Il sostegno dell'Italia alla Polonia nella guerra polacco bolscevica
15.08.2020
L'Italia ha venduto alla Polonia armi e materiale bellico, inclusi milioni di fucili "Mauser" e missili "Mannlicher", 45 pistole e un gran numero di uniformi. Alla vigilia dell'assalto finale dell'Armata Rossa, l'inviato italiano, Francesco Tommasini, fu l'unico capo della missione estera (a parte il nunzio apostolico Achille Ratti) a rimanere a Varsavia.

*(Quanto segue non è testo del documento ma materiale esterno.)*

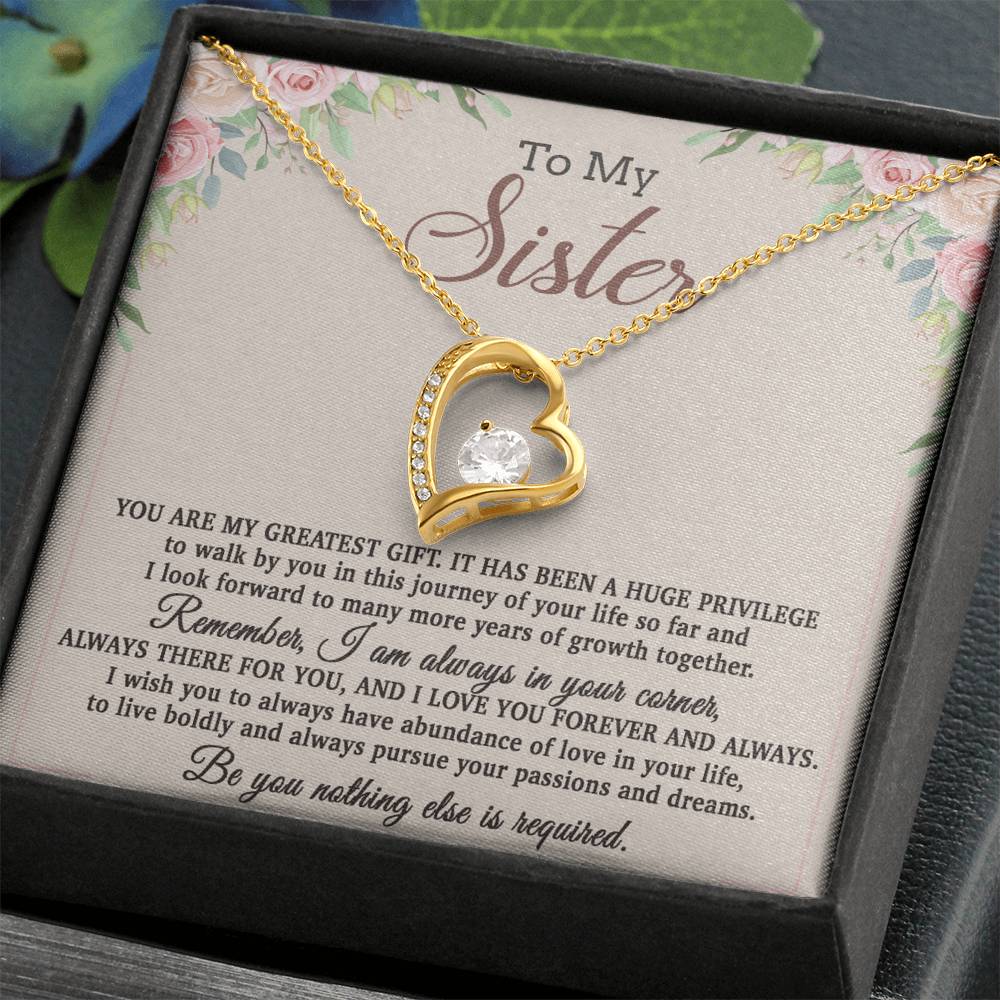 To My Sister Necklace, Brother to Sister, Birthday gift For Sister from Brother 26_8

L'Italia, quasi contemporaneamente alle altre potenze dell'Intesa, ha riconosciuto il governo de jure di Ignacy Jan Paderewski e l'indipendenza della Polonia nel febbraio 1919. Durante la conferenza di pace a Parigi, il Primo Ministro italiano, Vittorio Emanuele Orlando, e il Ministro degli Affari Esteri, Giorgio Sidney Sonnino, hanno ritenuto che le questioni dei confini occidentali polacchi dovevano essere risolte dalle grandi potenze. Tuttavia, hanno proposto di lasciare la decisione sul confine orientale a Varsavia. La Missione degli Alleati, giunta in Polonia nel febbraio 1919, comprendeva anche i rappresentanti politici e militari dell'Italia, tra cui: il Ministro Plenipotenziario Cesare Giulio Montagna, il Generale Giovanni Longhena Romei e il Cap. Leopoldo Venturi (sposato in Polonia e di lingua polacca). Uno dei membri della missione alleata a Leopoli, mediatore nel conflitto polacco-ucraino, era il Capitano Giuseppe Stabile.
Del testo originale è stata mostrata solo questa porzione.